Prologue: The Closet

I can’t remember how I got there.

I remember the dark.

The smell of old wood and lavender, thick and cloying. My small hands pressed to rough boards, the closet door cracked just wide enough for one eye to peer through.

The attic hummed with voices below—low and rhythmic, not words but sounds that made the tiny hairs on my arms stand straight.

Shadows flickered beyond the slats, figures moving in and out of the ring of candlelight.

I saw her—Aunt Vivienne. Pale, trembling, her eyes darting to the corner where I hid. She opened her mouth as if to call me, then stopped, lips pressed thin.

And then my mother—familiar and strange all at once—stepped into the light. Her face was tight, her voice shaking as she whispered something I couldn’t hear.

The chanting rose.

Vivienne cried out—words torn from her throat. The shadows surged.

I curled tighter into the dark.

Don’t look. Don’t listen.

But I did.

A high scream cut through the air—sharp, final. The candlelight flared—then winked out, one by one.

Silence.

Then a voice, thin and weary:

“Please—don’t let her remember.”

A scuffle. A crash.

A silver locket spun across the floor, coming to rest inches from the closet door.

I reached for it—small fingers trembling—then the world tilted.

Cold hands lifted me from the shadows.

"Shhh. You must forget, my love. You must forget."

And then—darkness.

A darkness that lasted years.

Until now.

Chapter 1: Return to Dogwood Lane

The tires crunched over the gravel drive, each rotation grinding into my nerves.

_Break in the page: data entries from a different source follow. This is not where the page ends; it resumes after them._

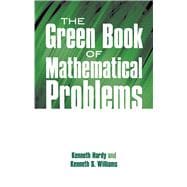 The Green Book of Mathematical Problems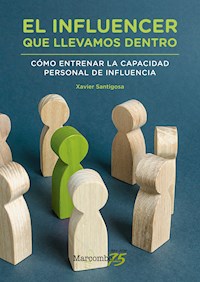El influencer que llevamos dentro - Xavier Santigosa - ebook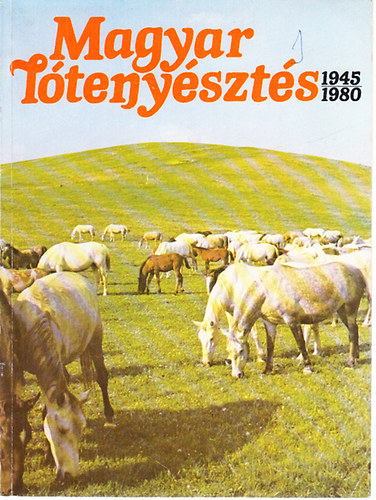 Pl Jnos dr.-Vrady Jen dr. - Magyar ltenyszts 1945-1980 (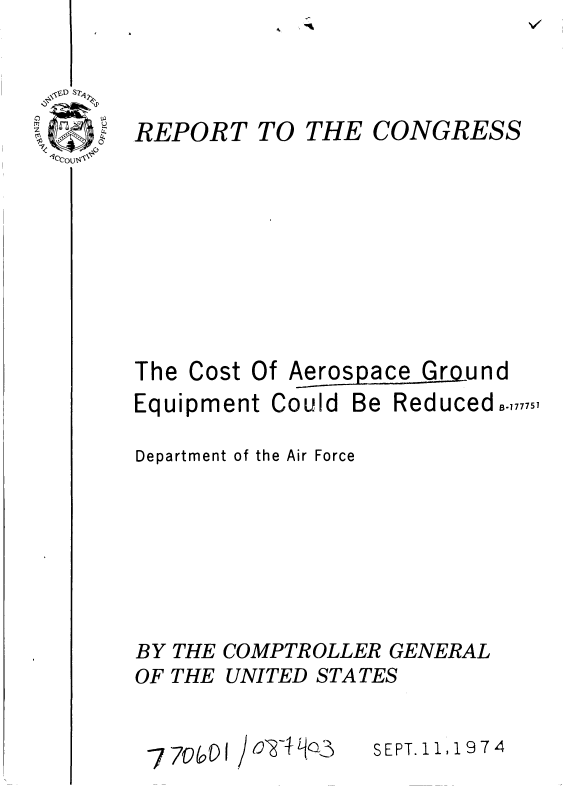 handle is hein.gao/gaobaaaad0001 and id is 1 raw text is: 



REPORT


TO THE CONGRESS


The Cost Of Aerospace Ground
Equipment Could Be Reduced°.,,,,,,

Department of the Air Force






BY THE COMPTROLLER GENERAL
OF THE UNITED STATES


SEPT. 11, 9 7 4


oy4 q03


7 700 1



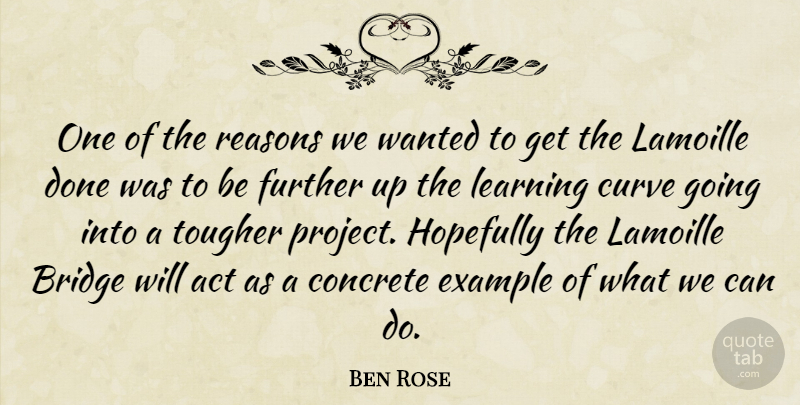 Ben Rose Quote About Act, Bridge, Concrete, Curve, Example: One Of The Reasons We...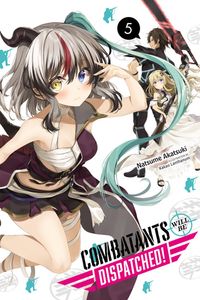 Produktbild: Combatants Will Be Dispatched!, Vol. 5 (light novel)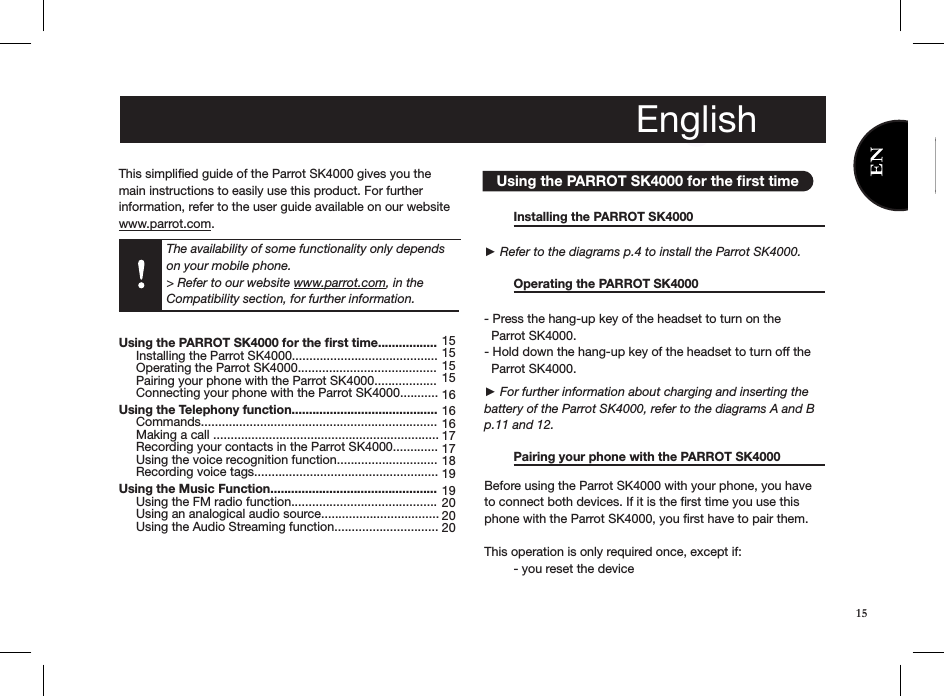 This simpliﬁed guide of the Parrot SK4000 gives you the main instructions to easily use this product. For further information, refer to the user guide available on our website www.parrot.com.         Using the PARROT SK4000 for the ﬁrst time  Installing the PARROT SK4000     ► Refer to the diagrams p.4 to install the Parrot SK4000.  Operating the PARROT SK4000      - Press the hang-up key of the headset to turn on the   Parrot SK4000. - Hold down the hang-up key of the headset to turn off the    Parrot SK4000. ► For further information about charging and inserting the battery of the Parrot SK4000, refer to the diagrams A and B p.11 and 12.   Pairing your phone with the PARROT SK4000   Before using the Parrot SK4000 with your phone, you have to connect both devices. If it is the ﬁrst time you use this phone with the Parrot SK4000, you ﬁrst have to pair them. This operation is only required once, except if:  - you reset the deviceEnglishUsing the PARROT SK4000 for the ﬁrst time.................      Installing the Parrot SK4000..........................................      Operating the Parrot SK4000........................................      Pairing your phone with the Parrot SK4000..................     Connecting your phone with the Parrot SK4000........... Using the Telephony function..........................................      Commands....................................................................      Making a call .................................................................      Recording your contacts in the Parrot SK4000.............     Using the voice recognition function.............................     Recording voice tags..................................................... Using the Music Function................................................      Using the FM radio function..........................................      Using an analogical audio source..................................          Using the Audio Streaming function..............................             151515 15161616 1717 18 19 19 2020 20 English15The availability of some functionality only depends on your mobile phone. &gt; Refer to our website www.parrot.com, in the Compatibility section, for further information.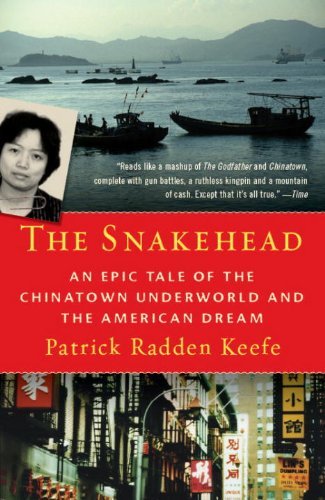 Cover for Patrick Radden Keefe · The Snakehead: an Epic Tale of the Chinatown Underworld and the American Dream (Pocketbok) (2010)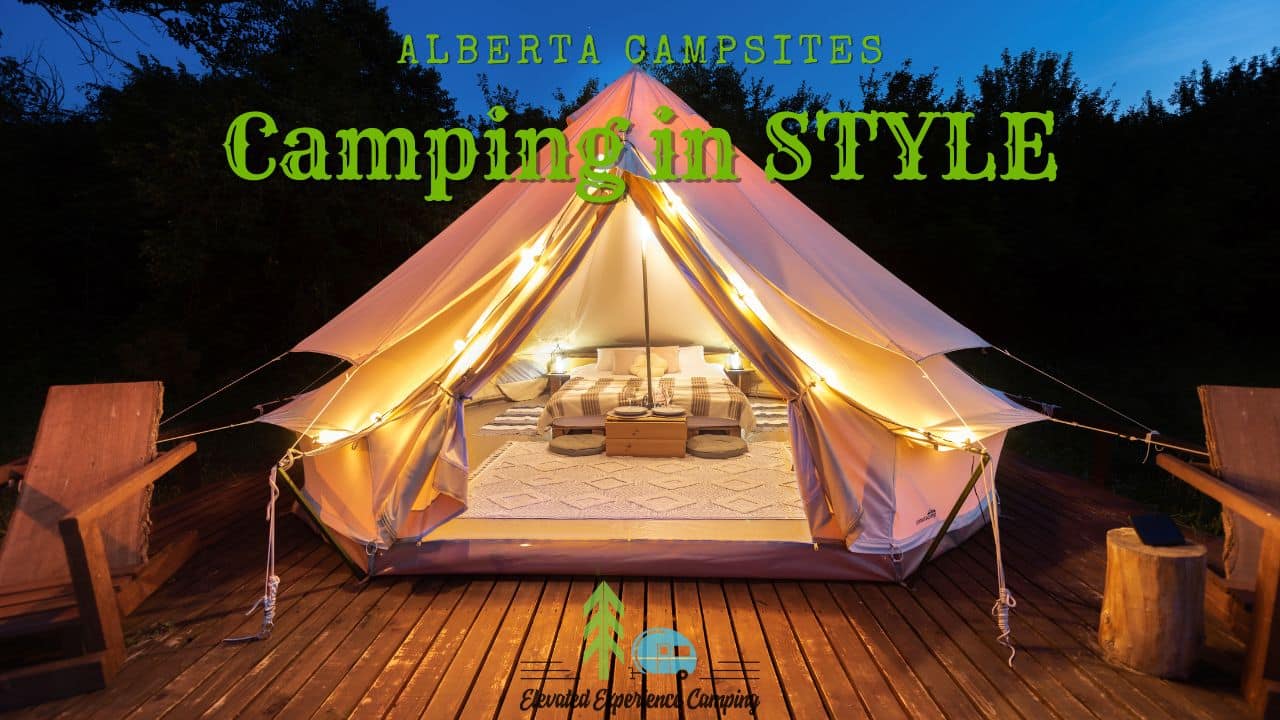 Alberta Campsites in Style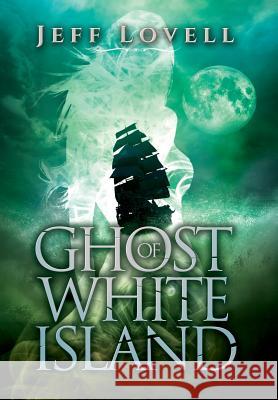 Ghost of White Island Jeff Lovell 9781590951194 Totalrecall Publications - książka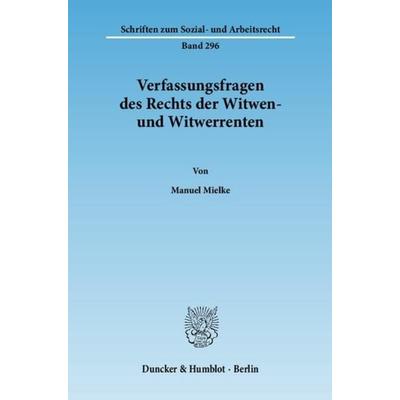 Verfassungsfragen des Rechts der Witwen- und Witwerrenten., Taschenbuch von Manuel Mielke, Duncker & Humblot, 978-3-428-13477-9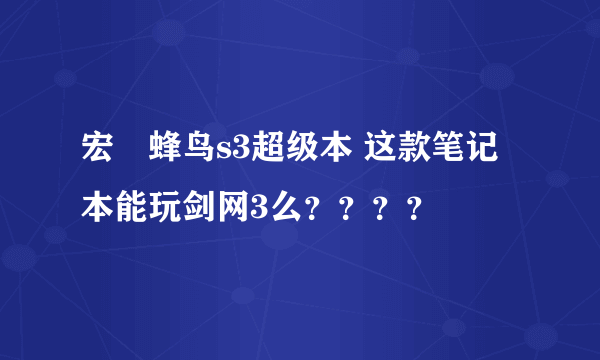 宏碁蜂鸟s3超级本 这款笔记本能玩剑网3么？？？？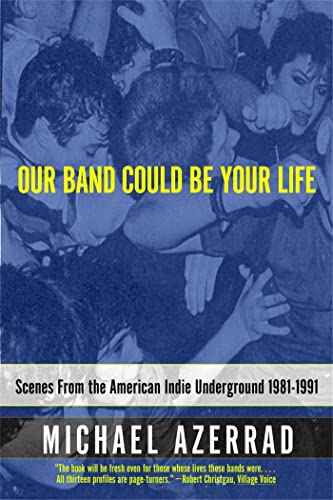 Stock image for Our Band Could Be Your Life : Scenes from the American Indie Underground, 1981-1991 for sale by Better World Books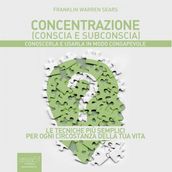 Concentrazione (conscia e subconscia)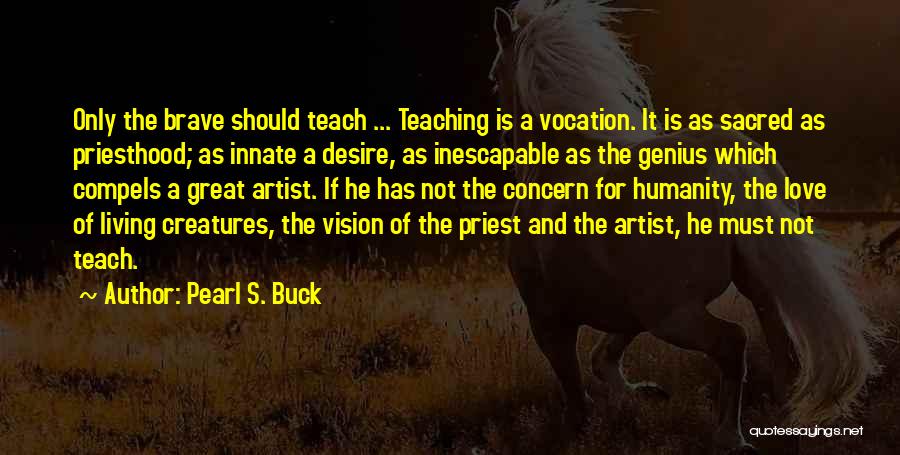 Great Teaching Quotes By Pearl S. Buck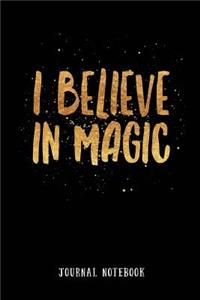 I Believe in Magic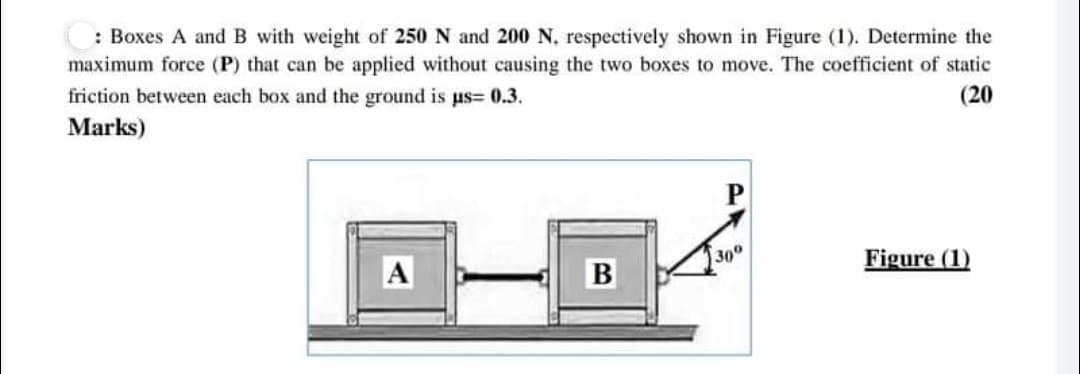 : Boxes A andB with weight of 250 N and 200 N, respectively shown in Figure (1). Determine the
maximum force (P) that can be applied without causing the two boxes to move. The coefficient of static
friction between each box and the ground is us= 0.3.
(20
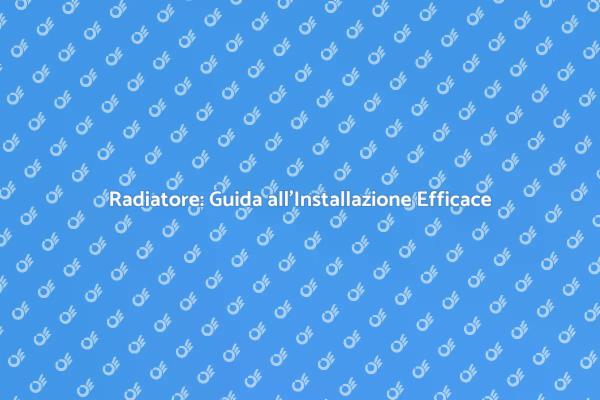 Installazione Radiatori: Guida Completa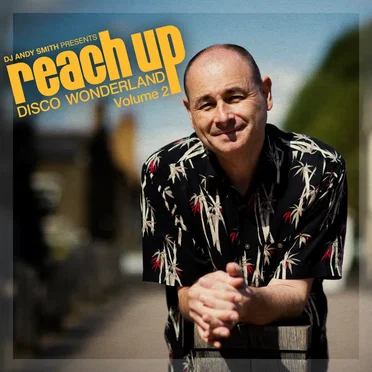 Reach Up - Disco Wonderland, Vol. 2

The house appeared through a curtain of willows like something from a forgotten dream—white clapboard faded to gray, shutters sagging, porch boards warped by years of sun and neglect. It looked smaller than I remembered, though perhaps that was because I had grown, or because memory tends to inflate the monsters that dwell in its shadows.

I parked beneath an arching oak and shut off the engine. The silence that followed was not peace but a kind of hush—as though the house were listening.

"You don’t have to do this," I told myself, gripping the wheel tighter. You could turn around right now. No one would blame you. The lawyer handled the will. You owe nothing to this place.

But that wasn’t true, not entirely. I had accepted the inheritance. Accepted responsibility. And beneath the surface—a place I refused to look too closely—something had drawn me back. A tug I couldn’t explain.

I climbed out, the autumn air crisp against my skin. A lone yellow leaf spiraled down and landed on the worn welcome mat: WELCOME HOME.

Not my home. Never was.

The front door resisted, as if reluctant to admit me. The key—a tarnished brass thing with ornate scrollwork—slid home, but I had to lean my shoulder against the warped frame to push it open.

A musty breath exhaled from within, steeped in old wood, lavender, and something faintly metallic. Dust motes drifted like restless spirits through beams of pale light that filtered past the lace curtains.